# Data Wrangling OpenStreetMap

A xml osm file was downloaded for a selected area from OpenStreetMap.org. This report details the data auditing and cleaning performed on the raw dataset. After the data is cleaned, it is transformed and stored in a Sqlite database. With the stored dataset, the data and the chosen area are further explored.

## Map

## Data Auditing

After auditing the street and postal code data, I found the following issues with the data source. The las_vegas_audit.py script is used to audit and find below issues. 
1. Various street name abbreviations for Avenue, Road, Boulevard, Parkway and Street are present. 
2. Some of the street names have numbers at the end of the name, although this issue is small. For Ex., '1': set(['Spanish Ridge Ave., Suite 1']
3. Some postal codes have more than 5 digits and some have alphabets at the begenning. Except one, all postal codes start with 89, which are the starting digits of postal codes in Las vegas.

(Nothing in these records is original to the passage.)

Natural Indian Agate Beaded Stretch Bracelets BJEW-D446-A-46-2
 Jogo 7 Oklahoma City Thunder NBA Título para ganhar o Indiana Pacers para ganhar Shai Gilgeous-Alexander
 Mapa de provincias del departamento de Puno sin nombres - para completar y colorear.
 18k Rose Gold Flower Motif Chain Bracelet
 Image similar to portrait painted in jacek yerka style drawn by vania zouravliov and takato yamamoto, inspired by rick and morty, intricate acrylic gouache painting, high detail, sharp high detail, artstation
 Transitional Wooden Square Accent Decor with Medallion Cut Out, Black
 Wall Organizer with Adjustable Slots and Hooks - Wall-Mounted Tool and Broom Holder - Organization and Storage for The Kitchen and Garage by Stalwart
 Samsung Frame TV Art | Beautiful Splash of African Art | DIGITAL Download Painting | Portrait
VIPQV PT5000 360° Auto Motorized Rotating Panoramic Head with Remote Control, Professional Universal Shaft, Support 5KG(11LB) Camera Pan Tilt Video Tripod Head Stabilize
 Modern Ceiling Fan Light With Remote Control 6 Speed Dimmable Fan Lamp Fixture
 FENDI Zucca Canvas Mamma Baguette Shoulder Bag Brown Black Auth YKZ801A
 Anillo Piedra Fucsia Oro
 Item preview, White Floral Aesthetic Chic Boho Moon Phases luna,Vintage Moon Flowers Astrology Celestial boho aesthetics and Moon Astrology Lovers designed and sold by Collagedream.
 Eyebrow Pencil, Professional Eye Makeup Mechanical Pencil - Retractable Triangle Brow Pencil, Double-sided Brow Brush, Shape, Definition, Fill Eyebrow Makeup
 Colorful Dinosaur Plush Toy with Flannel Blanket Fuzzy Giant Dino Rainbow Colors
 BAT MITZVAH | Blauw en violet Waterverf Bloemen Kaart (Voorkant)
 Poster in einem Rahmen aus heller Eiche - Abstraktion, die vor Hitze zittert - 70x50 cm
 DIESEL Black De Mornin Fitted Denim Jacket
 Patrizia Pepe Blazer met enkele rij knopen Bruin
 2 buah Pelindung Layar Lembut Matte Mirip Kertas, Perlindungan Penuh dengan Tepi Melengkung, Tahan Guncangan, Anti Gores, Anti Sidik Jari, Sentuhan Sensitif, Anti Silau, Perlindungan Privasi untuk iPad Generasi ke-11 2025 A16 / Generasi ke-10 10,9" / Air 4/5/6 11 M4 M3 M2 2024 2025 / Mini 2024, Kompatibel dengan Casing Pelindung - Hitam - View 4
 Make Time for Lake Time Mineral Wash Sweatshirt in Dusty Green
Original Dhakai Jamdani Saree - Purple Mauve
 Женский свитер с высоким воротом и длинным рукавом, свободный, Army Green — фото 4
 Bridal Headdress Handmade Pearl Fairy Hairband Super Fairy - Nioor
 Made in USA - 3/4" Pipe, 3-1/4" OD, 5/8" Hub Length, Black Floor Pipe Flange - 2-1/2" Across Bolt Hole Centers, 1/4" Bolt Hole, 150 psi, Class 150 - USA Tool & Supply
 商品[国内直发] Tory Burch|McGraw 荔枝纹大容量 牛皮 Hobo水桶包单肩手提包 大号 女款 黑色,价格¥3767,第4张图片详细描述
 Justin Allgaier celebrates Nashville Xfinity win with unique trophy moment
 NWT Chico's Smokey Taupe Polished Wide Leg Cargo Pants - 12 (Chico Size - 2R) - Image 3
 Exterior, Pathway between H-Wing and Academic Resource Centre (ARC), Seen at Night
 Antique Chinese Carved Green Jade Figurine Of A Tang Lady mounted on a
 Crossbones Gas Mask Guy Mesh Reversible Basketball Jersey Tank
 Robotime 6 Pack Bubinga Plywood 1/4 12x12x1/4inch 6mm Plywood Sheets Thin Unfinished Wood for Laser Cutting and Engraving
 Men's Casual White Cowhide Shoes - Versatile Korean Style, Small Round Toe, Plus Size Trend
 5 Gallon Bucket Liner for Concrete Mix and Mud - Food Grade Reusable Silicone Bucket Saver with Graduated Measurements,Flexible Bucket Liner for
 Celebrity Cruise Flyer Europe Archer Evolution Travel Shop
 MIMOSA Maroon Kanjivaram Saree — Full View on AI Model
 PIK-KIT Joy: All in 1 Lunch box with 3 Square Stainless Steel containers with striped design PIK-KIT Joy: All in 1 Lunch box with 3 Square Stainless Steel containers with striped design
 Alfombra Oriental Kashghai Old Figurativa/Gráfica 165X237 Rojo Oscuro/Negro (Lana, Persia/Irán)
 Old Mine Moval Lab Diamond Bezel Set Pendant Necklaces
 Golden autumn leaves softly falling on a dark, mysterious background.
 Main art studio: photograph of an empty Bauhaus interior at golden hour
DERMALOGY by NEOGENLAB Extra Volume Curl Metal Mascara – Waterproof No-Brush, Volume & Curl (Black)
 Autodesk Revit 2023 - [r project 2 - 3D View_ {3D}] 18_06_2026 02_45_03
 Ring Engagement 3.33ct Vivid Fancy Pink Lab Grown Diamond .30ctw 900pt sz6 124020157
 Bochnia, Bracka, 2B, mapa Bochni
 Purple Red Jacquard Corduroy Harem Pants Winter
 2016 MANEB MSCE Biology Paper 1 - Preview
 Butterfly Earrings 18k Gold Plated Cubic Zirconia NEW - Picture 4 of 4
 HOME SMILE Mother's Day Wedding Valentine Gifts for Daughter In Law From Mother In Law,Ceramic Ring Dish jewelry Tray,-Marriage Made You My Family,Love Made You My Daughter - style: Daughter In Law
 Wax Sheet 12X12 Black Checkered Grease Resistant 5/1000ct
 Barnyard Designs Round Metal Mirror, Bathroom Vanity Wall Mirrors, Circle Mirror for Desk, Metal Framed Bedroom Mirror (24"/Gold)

Below mapping dictionary is created to change the abbreviated street names. update_street_name function is used to clean street names.

First five digits in postal code is extracted to clean the postal codes. update_postal_code function is used to extract first five digits of the postal code.

## Process XML elements and create csv

After cleaning street names and postal codes, XML elements are processed using las_vegas_csv.py script and below csv files are created. Using csv_db.py, data base tables have been created from csv files.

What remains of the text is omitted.